Exercise prompt -> Set out each line from the following listing that includes the word "perla".

Exercise material ->
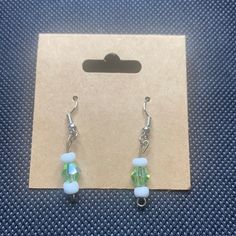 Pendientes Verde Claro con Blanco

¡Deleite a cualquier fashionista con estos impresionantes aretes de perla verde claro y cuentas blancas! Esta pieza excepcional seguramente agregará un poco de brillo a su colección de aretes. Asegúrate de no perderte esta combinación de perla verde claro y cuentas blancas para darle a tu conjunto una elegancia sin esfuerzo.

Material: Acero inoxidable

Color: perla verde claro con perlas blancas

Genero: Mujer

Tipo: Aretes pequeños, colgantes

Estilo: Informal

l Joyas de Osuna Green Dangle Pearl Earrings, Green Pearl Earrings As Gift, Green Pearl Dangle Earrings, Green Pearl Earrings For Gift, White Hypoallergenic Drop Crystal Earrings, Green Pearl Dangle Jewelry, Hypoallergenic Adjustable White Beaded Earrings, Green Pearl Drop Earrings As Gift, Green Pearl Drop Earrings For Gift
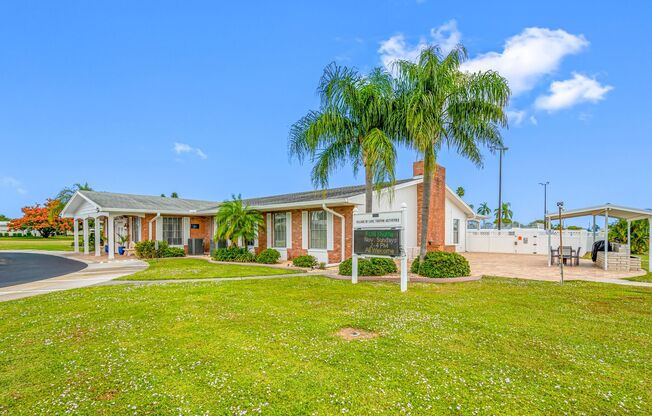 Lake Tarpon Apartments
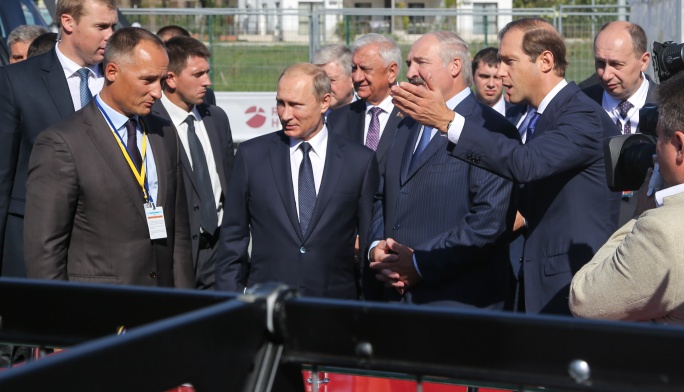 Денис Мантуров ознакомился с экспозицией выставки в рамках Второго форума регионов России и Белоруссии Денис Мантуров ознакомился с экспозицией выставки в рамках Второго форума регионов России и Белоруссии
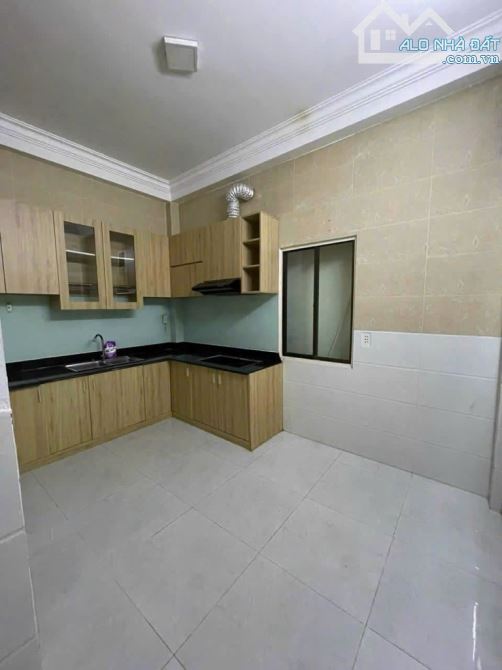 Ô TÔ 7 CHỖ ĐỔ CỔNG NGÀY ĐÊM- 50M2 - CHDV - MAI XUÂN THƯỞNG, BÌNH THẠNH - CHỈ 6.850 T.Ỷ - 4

Solution to this task ->
¡Deleite a cualquier fashionista con estos impresionantes aretes de perla verde claro y cuentas blancas! Esta pieza excepcional seguramente agregará un poco de brillo a su colección de aretes. Asegúrate de no perderte esta combinación de perla verde claro y cuentas blancas para darle a tu conjunto una elegancia sin esfuerzo.
Color: perla verde claro con perlas blancas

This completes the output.